◆ TASK:
Starting at the line below that contains "Commercial property in" and ending at the line that contains "a table with", retype each line exactly as it stands, but omit the pictures.

◆ SUPPLIED MATERIAL:
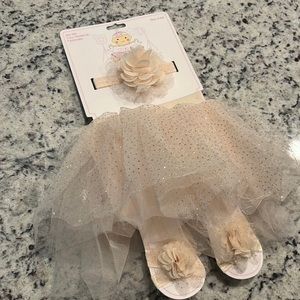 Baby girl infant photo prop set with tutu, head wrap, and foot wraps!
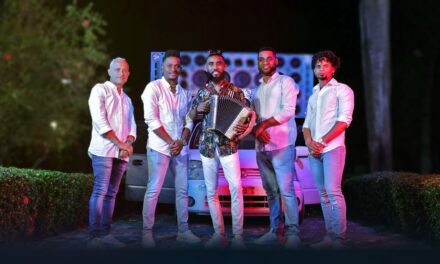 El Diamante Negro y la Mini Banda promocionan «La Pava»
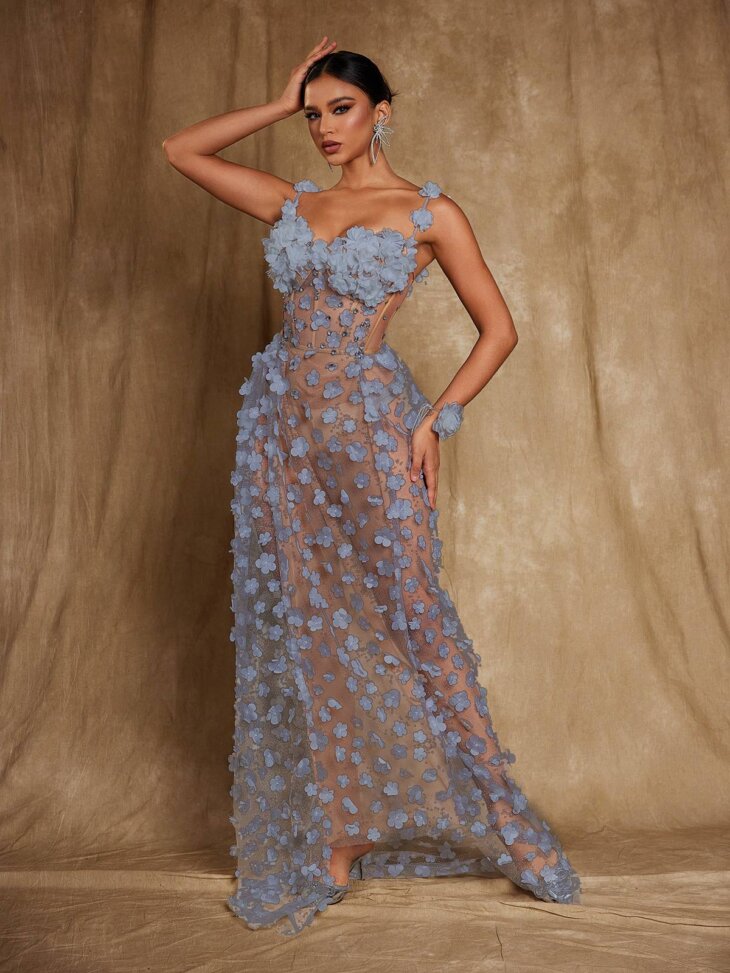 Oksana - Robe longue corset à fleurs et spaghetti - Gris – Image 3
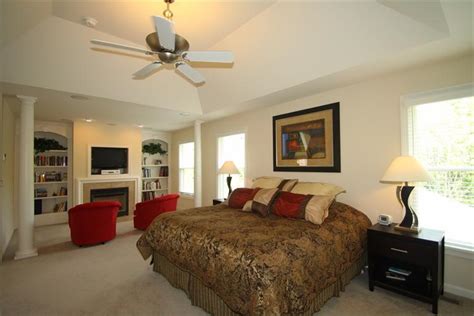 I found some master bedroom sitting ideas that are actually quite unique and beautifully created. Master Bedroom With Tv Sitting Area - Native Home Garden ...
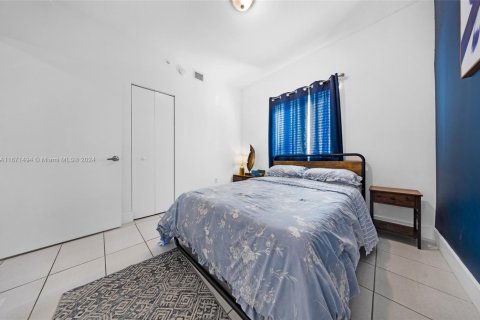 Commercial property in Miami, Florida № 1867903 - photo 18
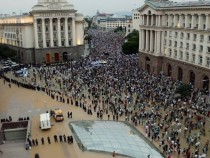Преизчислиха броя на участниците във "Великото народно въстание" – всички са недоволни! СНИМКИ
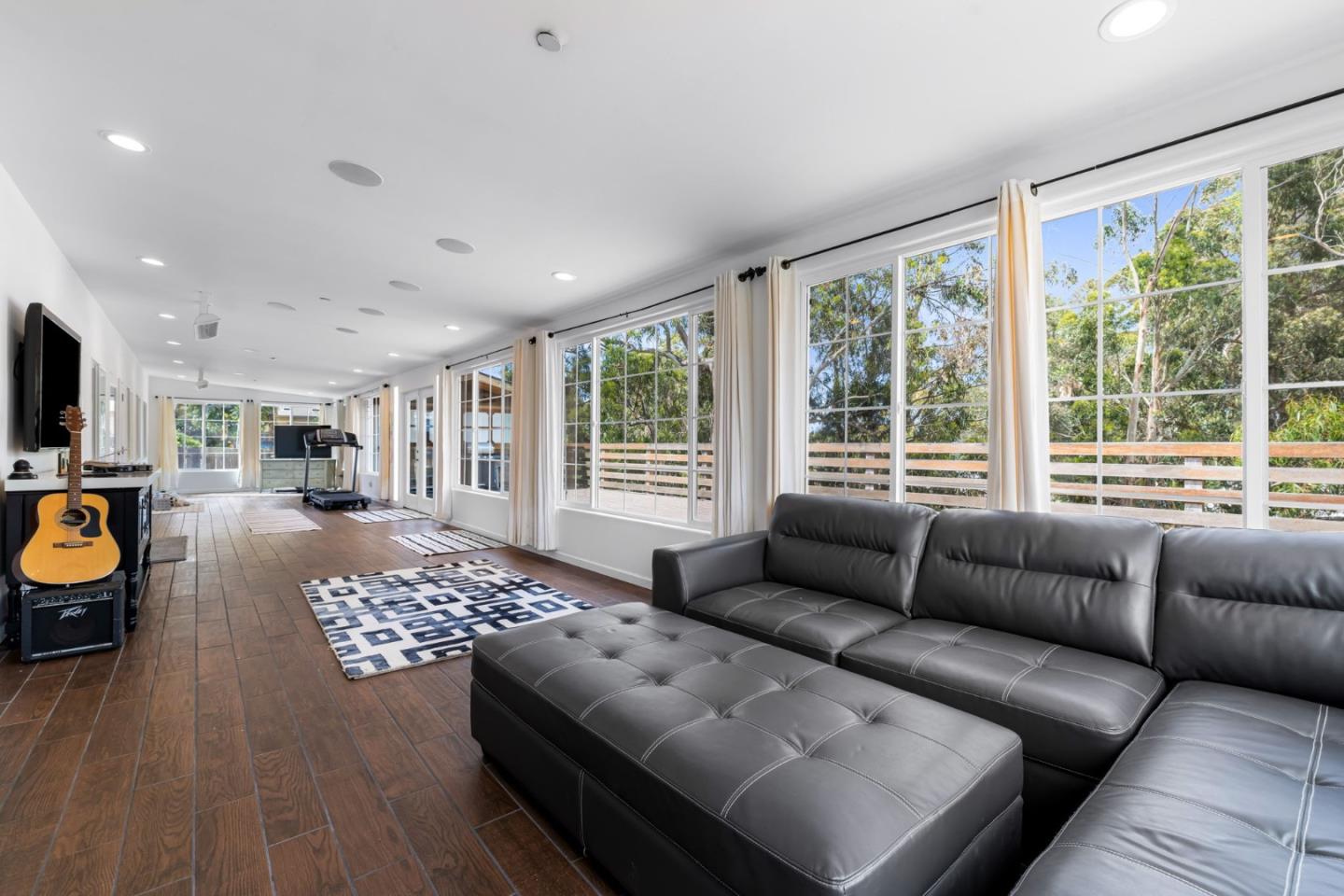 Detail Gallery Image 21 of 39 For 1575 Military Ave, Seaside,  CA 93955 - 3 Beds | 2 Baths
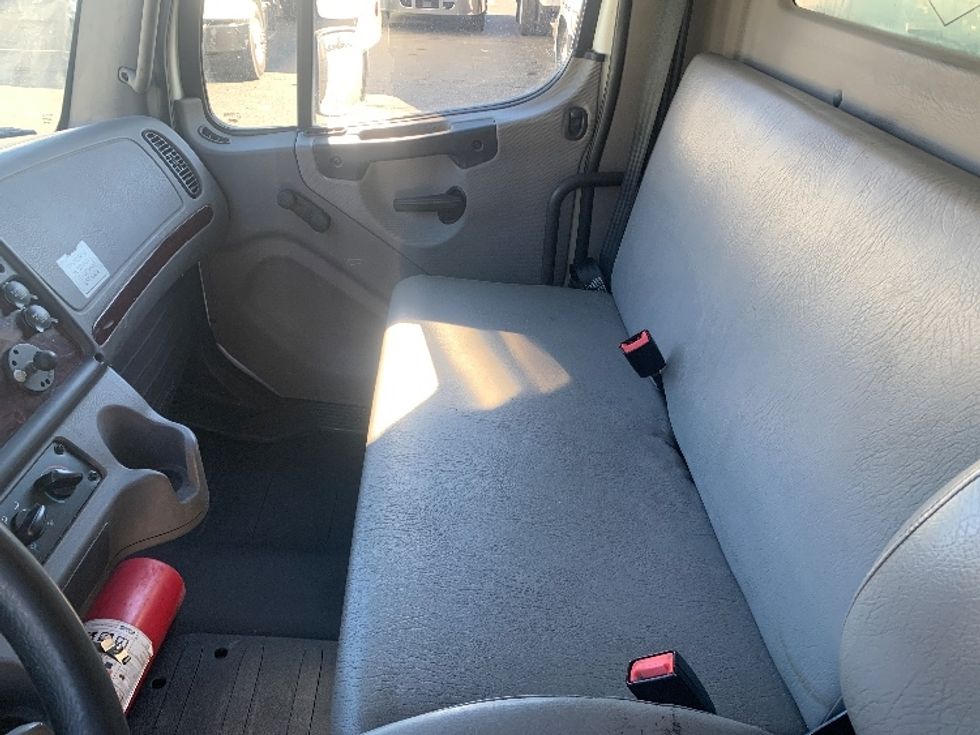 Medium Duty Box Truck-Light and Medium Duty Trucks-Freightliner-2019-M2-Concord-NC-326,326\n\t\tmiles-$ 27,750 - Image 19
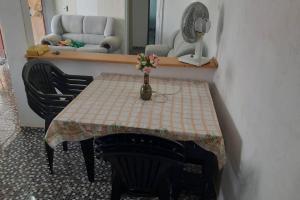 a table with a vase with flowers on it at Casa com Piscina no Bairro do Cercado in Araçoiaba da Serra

--

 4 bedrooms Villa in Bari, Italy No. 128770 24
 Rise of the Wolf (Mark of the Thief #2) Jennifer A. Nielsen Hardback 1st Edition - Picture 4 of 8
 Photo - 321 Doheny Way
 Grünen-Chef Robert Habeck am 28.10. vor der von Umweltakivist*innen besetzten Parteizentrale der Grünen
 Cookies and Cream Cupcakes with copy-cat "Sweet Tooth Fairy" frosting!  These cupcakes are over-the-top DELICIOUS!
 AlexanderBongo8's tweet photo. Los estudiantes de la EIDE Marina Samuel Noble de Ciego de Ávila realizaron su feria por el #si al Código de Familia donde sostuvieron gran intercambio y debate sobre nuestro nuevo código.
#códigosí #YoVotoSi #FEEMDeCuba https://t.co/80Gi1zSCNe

◆ ANSWER SPACE:
 Commercial property in Miami, Florida № 1867903 - photo 18
Преизчислиха броя на участниците във "Великото народно въстание" – всички са недоволни! СНИМКИ
 Detail Gallery Image 21 of 39 For 1575 Military Ave, Seaside,  CA 93955 - 3 Beds | 2 Baths
 Medium Duty Box Truck-Light and Medium Duty Trucks-Freightliner-2019-M2-Concord-NC-326,326\n\t\tmiles-$ 27,750 - Image 19
 a table with a vase with flowers on it at Casa com Piscina no Bairro do Cercado in Araçoiaba da Serra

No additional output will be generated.